The method first checks if the transformer provides a transform_outputs method. If it does, this method is called and the result is returned. If the transformer does not provide this method, the method tries to infer the outputs by calling the transformer with an empty DataFrame.

Return type:

List[str] | None

Parameters:
  • transformer (Transformer) – An instance of the transformer to inspect.

  • input_columns (List[str]) – A list of the columns present in the input frame.

  • strict (bool) – If True, raises an error if the transformer cannot be inferred or are not accepted. If False, returns None in these cases.

Returns:

A list of the columns present in the output for transformer given input_columns.

Raises:
  • InspectError – If the artifact’s type or format could not be determined and strict==True.

  • pta.validate.InputValidationError – If input validation fails in the trnsformer and strict==True.

Added in version 0.11.0.

Changed in version 0.15.0: Direct passthrough of pta.validate.InputValidationError

class pyterrier_alpha.inspect.ProvidesTransformerOutputs(*args, **kwargs)[source]

Protocol for transformers that provide a transform_outputs method.

transform_outputs allows for inspection of the outputs of transformers without needing to run it.

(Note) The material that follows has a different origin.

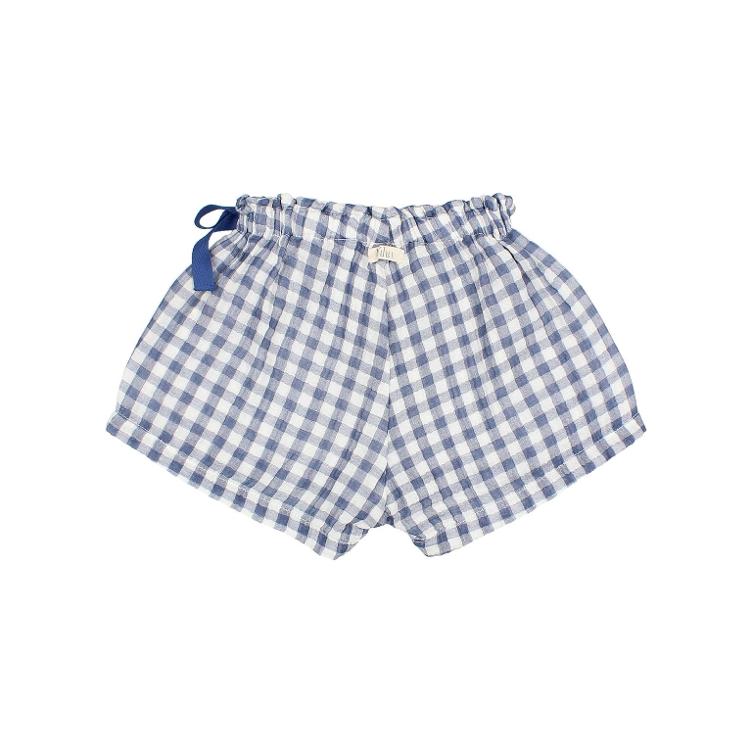 Gingham shorts blue stone - 0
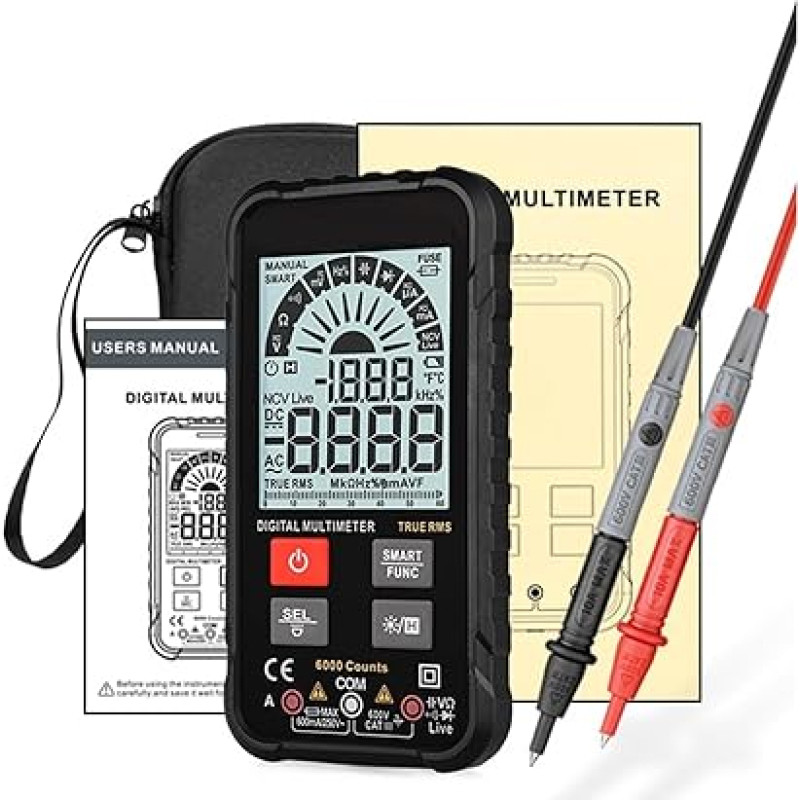 Profesionalus skaitmeninis multimetras Mini Smart Automobilinis testeris Automatinis diapazonas NCV AC DC Ohm Kapazität Transistor Tester (112B Smart)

When this method is present in a Transformer object, it must return a list of the output columns present given the provided input columns or raise an InputValidationError if the inputs are not accepted by the transformer.

This method need not be present in Transformer - it is an optional extension; an alternative is that the output columns are determined by calling the transformer with an empty DataFrame.

Due to risks and maintanence burden in ensuring that transform and transform_outputs behave identically, it is recommended to only implement transform_outputs when calling the transformer with an empty DataFrame to inspect the behavior is undesireable, e.g., if calling the transformer is expensive.

Example transform_output function, implementing ProvidesTransformerOutputs.
class MyRetriever(pt.Transformer):

    def transform(self, inp: pd.DataFrame) -> pd.DataFrame:
        pta.validate.query_frame(inp, ['query'])
        # ... perform retrieval ...
        # return the same columns as inp plus docno, score, and rank. E.g., using DataFrameBuilder.

    def transform_outputs(self, input_columns: List[str]) -> List[str]:
        pta.validate.query_frame(input_columns, ['query'])
        return input_columns + ['docno', 'score', 'rank']
exception pyterrier_alpha.inspect.InspectError[source]

Base exception for inspection errors.